§ **Data for this task**:
══════════════════════════════

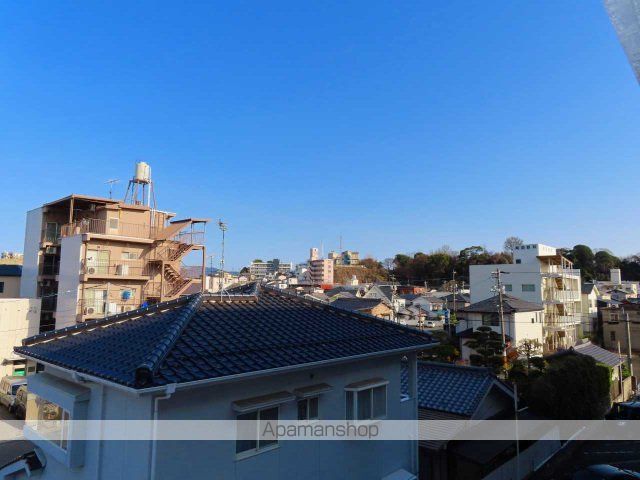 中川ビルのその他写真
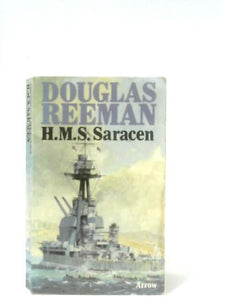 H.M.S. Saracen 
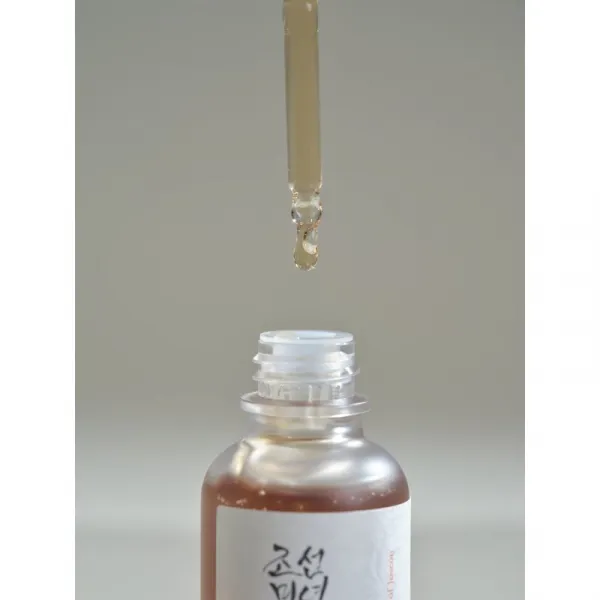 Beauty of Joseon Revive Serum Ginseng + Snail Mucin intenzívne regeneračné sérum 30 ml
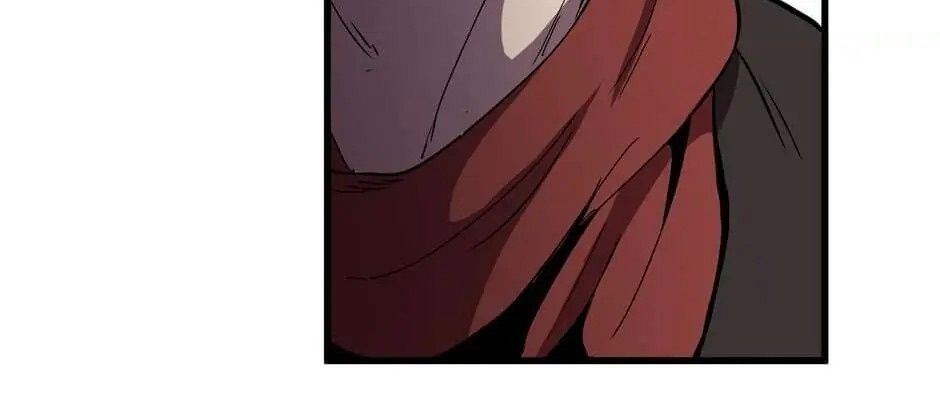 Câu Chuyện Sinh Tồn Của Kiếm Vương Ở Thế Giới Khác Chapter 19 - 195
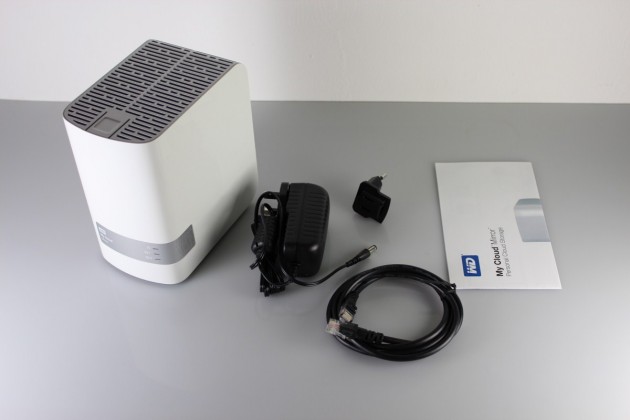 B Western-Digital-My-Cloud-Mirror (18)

══════════════════════════════

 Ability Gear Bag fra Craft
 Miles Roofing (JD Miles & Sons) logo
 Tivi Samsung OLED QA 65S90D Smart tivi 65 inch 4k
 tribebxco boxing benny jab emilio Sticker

══════════════════════════════

For this exercise, transcribe exactly the part of the records above that opens with the line containing "Beauty of Joseon" and closes with the one containing "B Western-Digital-My-Cloud-Mirror (18)". Pictures are not part of the copy.

 Beauty of Joseon Revive Serum Ginseng + Snail Mucin intenzívne regeneračné sérum 30 ml
 Câu Chuyện Sinh Tồn Của Kiếm Vương Ở Thế Giới Khác Chapter 19 - 195
 B Western-Digital-My-Cloud-Mirror (18)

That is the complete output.